[EXERCISE INSTRUCTIONS]
Using the entries below, copy exactly each line from the line with "By My Side suede tote bag - 5" up to and including the line with "Skanto | Keto", with every picture left out.
======== EXERCISE DATA
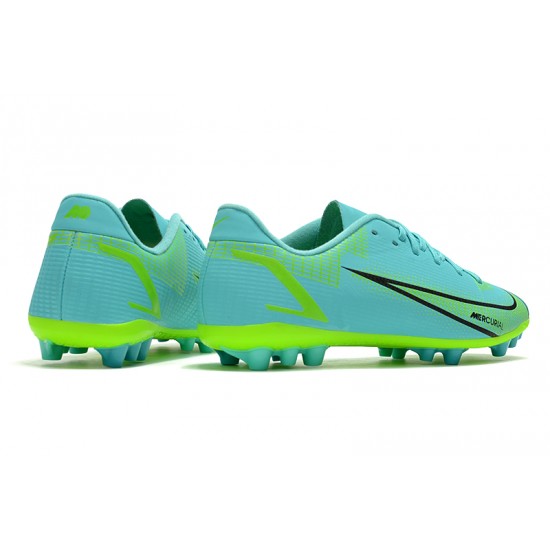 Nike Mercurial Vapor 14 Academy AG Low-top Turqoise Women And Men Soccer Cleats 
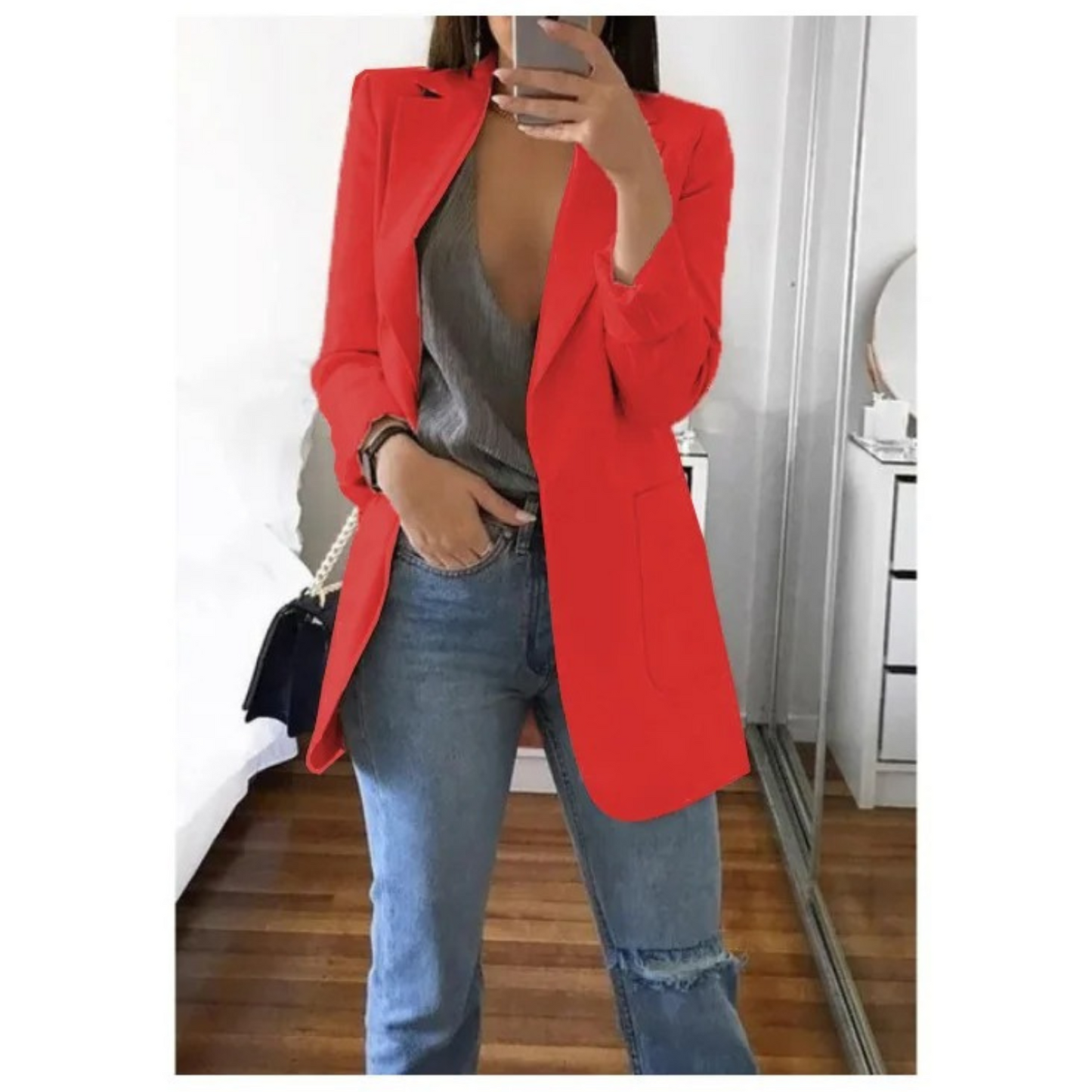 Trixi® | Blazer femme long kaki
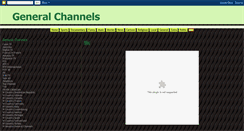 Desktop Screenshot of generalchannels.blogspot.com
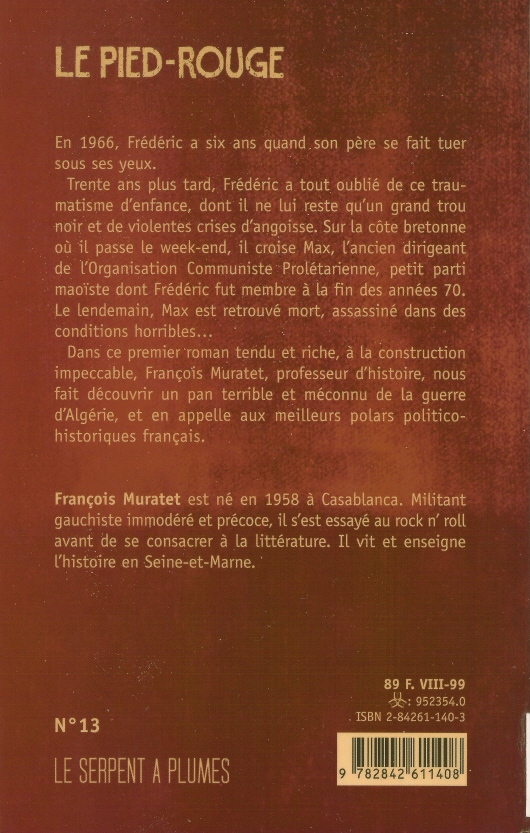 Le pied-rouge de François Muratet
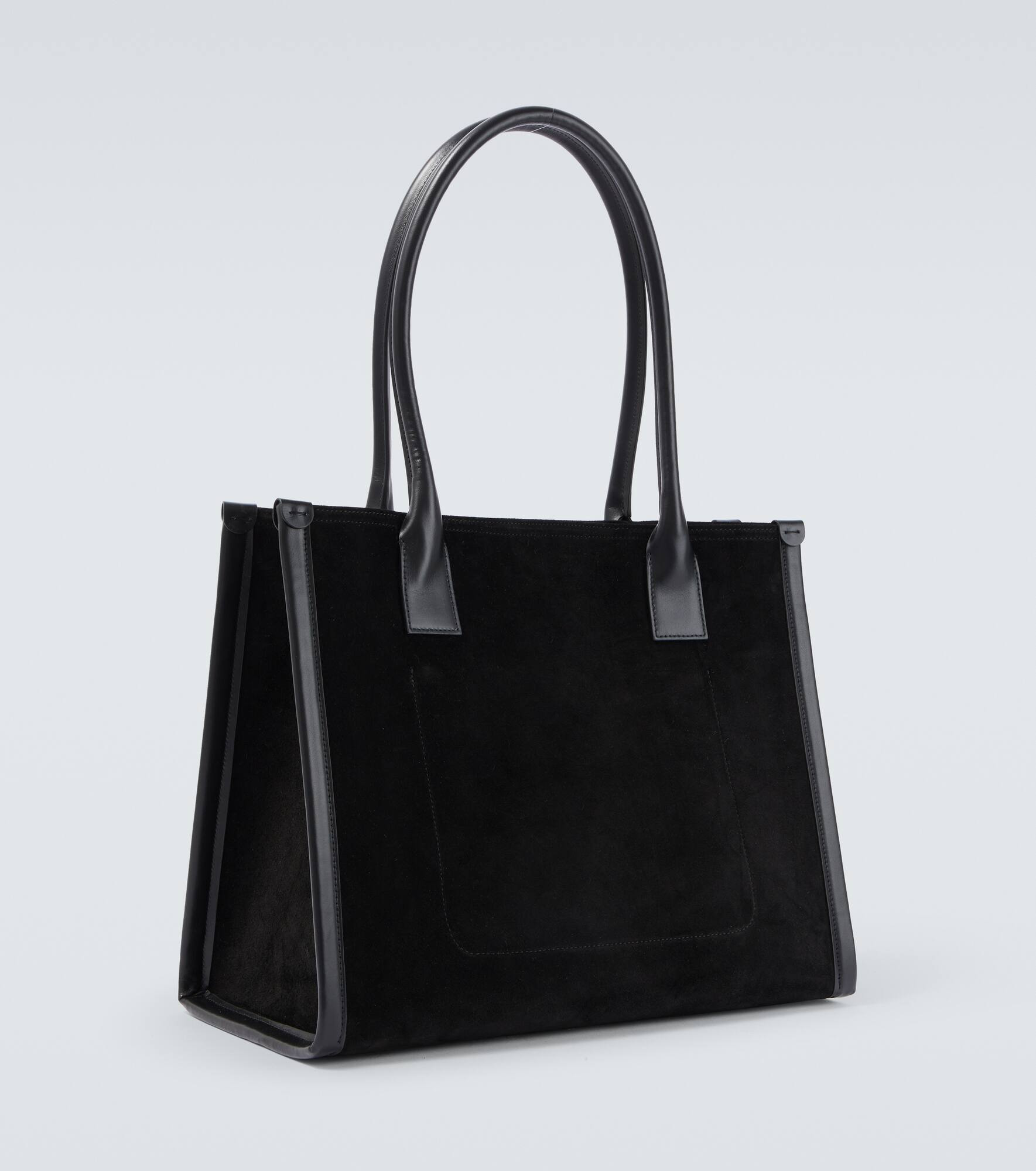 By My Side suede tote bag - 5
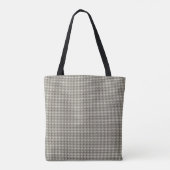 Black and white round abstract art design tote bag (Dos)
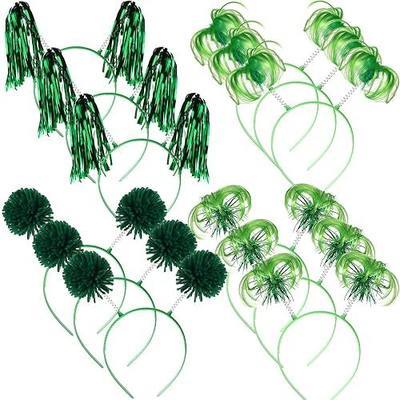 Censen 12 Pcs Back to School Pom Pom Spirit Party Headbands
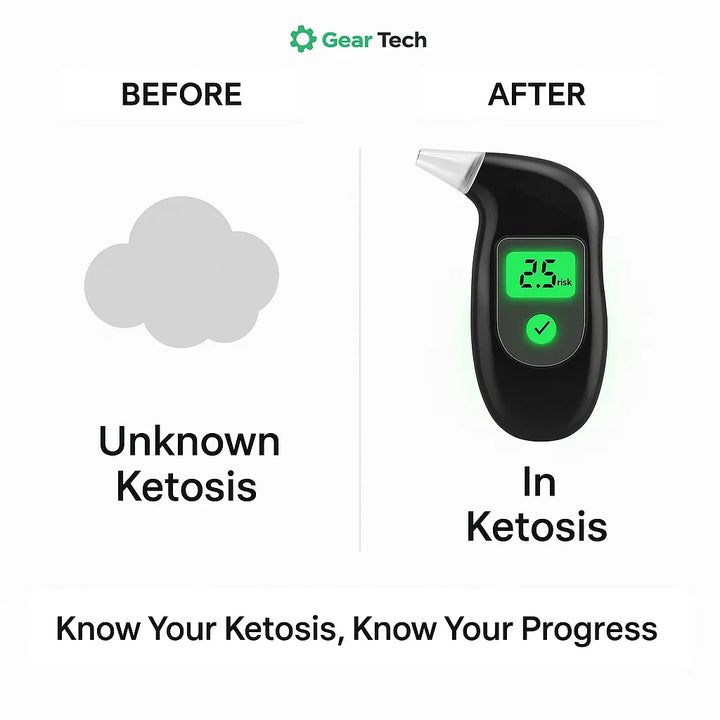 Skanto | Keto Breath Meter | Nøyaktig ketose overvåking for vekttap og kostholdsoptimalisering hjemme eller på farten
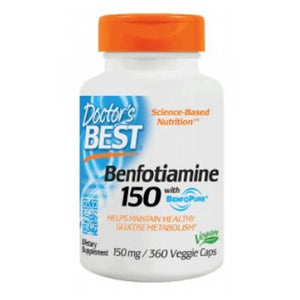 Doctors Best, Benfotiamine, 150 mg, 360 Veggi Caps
================
[RESULT OF THIS EXERCISE]
 By My Side suede tote bag - 5
 Black and white round abstract art design tote bag (Dos)
 Censen 12 Pcs Back to School Pom Pom Spirit Party Headbands
 Skanto | Keto Breath Meter | Nøyaktig ketose overvåking for vekttap og kostholdsoptimalisering hjemme eller på farten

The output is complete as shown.